Skip the pictures and write out, word for word, the lines below from the one with "Sandpoint, ID 83864" through the one with "Extremely Horny MILF", inclusive.

=== SOURCE DATA ===
══════════
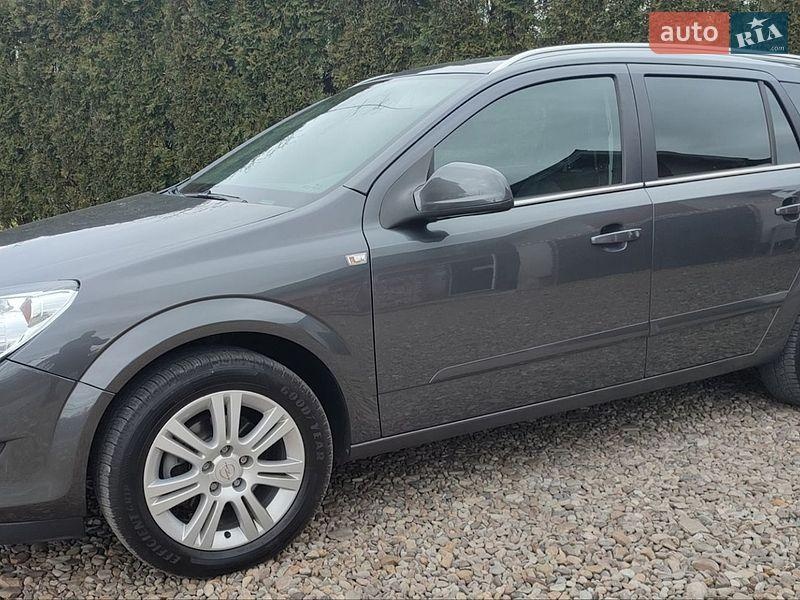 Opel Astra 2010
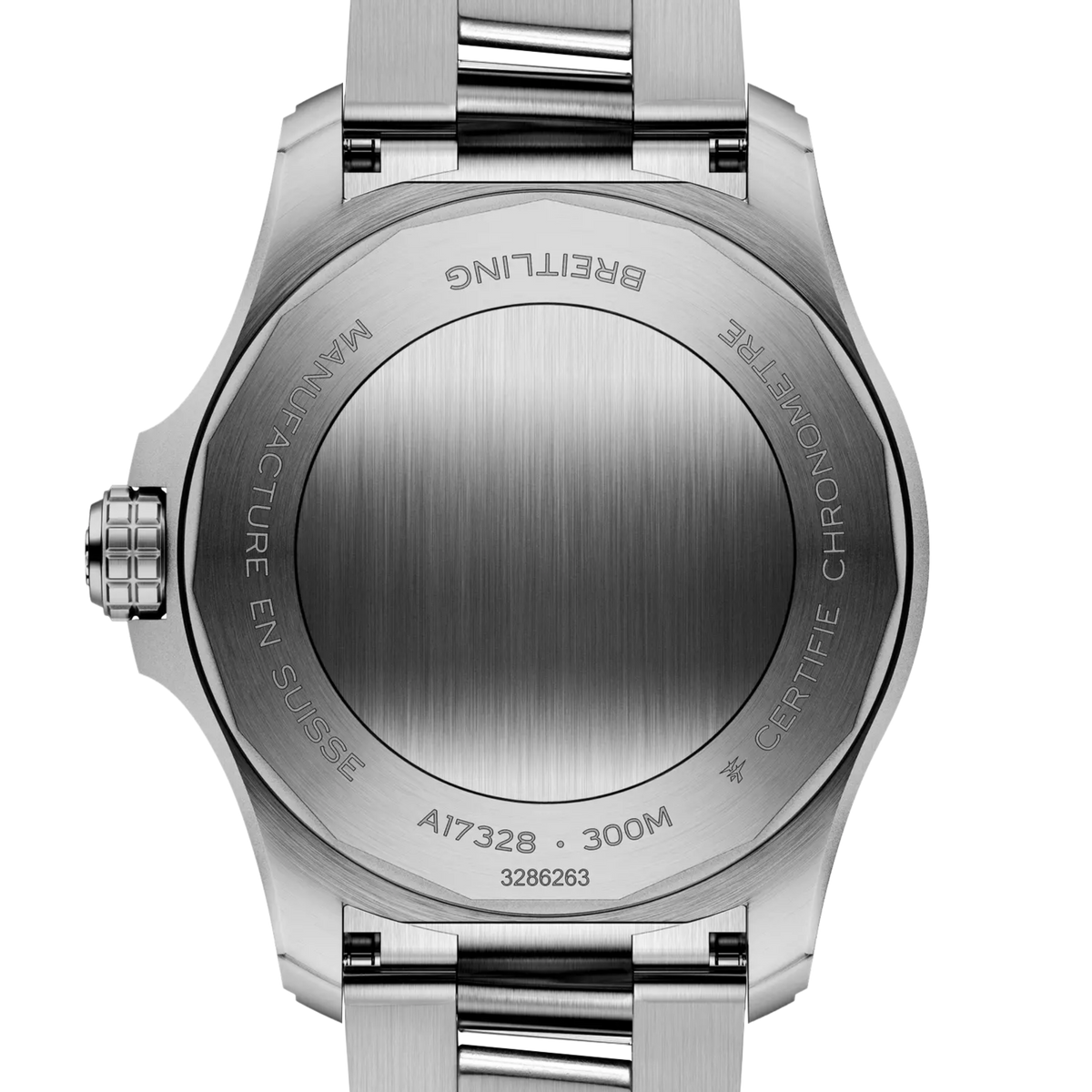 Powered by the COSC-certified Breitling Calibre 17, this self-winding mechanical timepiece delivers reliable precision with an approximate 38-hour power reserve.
══════════
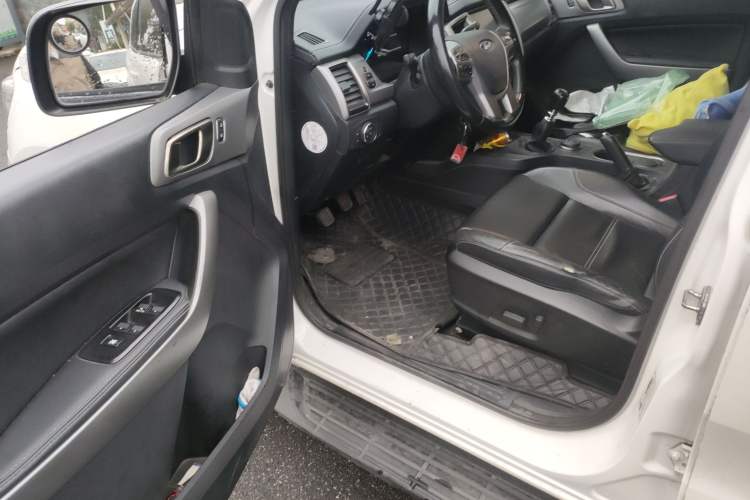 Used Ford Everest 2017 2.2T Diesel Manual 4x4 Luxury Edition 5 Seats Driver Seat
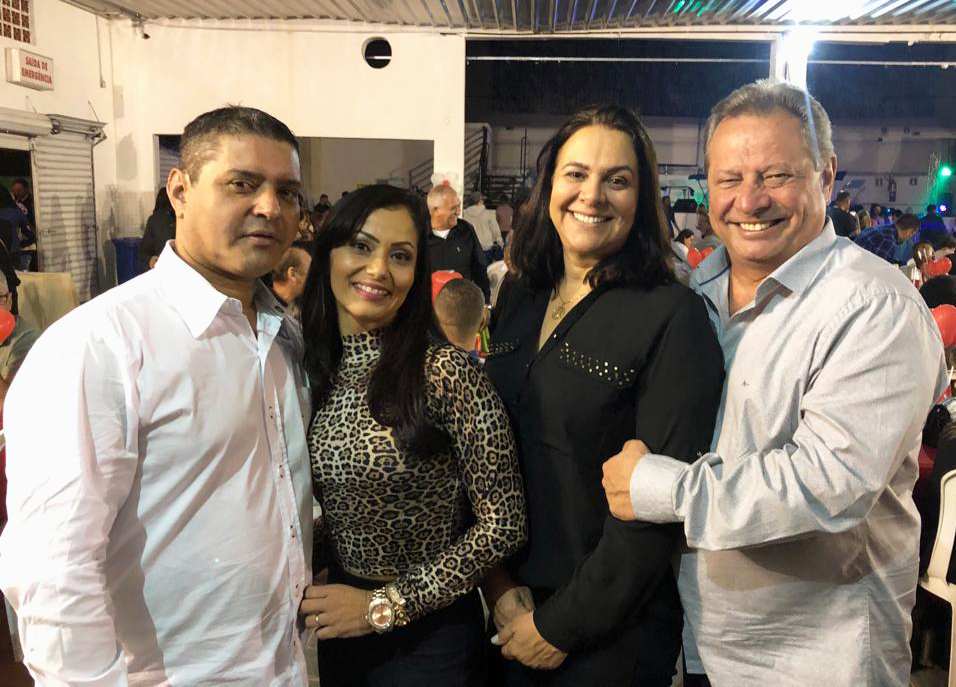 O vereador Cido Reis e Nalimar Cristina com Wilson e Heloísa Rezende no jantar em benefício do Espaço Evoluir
══════════
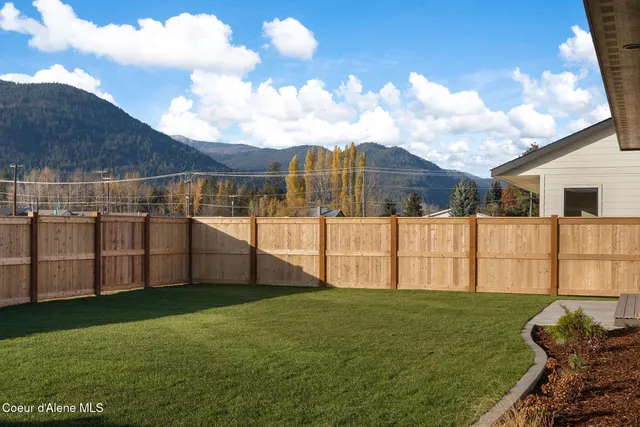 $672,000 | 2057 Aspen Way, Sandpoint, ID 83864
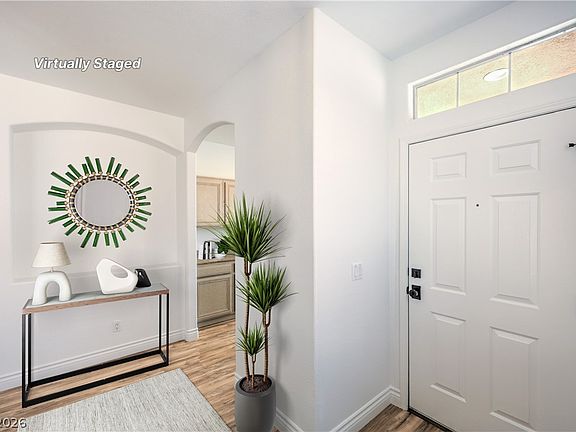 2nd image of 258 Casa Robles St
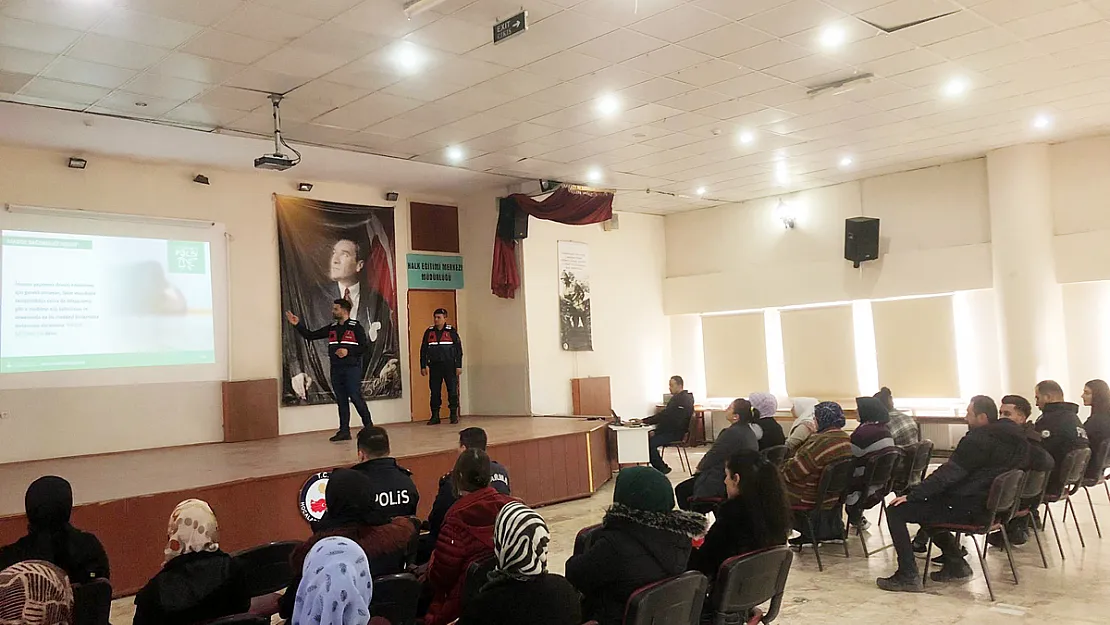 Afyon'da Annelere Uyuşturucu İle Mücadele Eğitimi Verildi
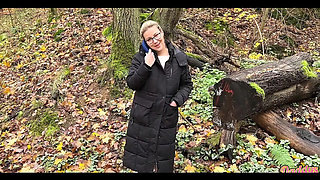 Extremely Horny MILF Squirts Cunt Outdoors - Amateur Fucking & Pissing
══════════
=== TASK RESPONSE ===
 $672,000 | 2057 Aspen Way, Sandpoint, ID 83864
 2nd image of 258 Casa Robles St
 Afyon'da Annelere Uyuşturucu İle Mücadele Eğitimi Verildi
 Extremely Horny MILF Squirts Cunt Outdoors - Amateur Fucking & Pissing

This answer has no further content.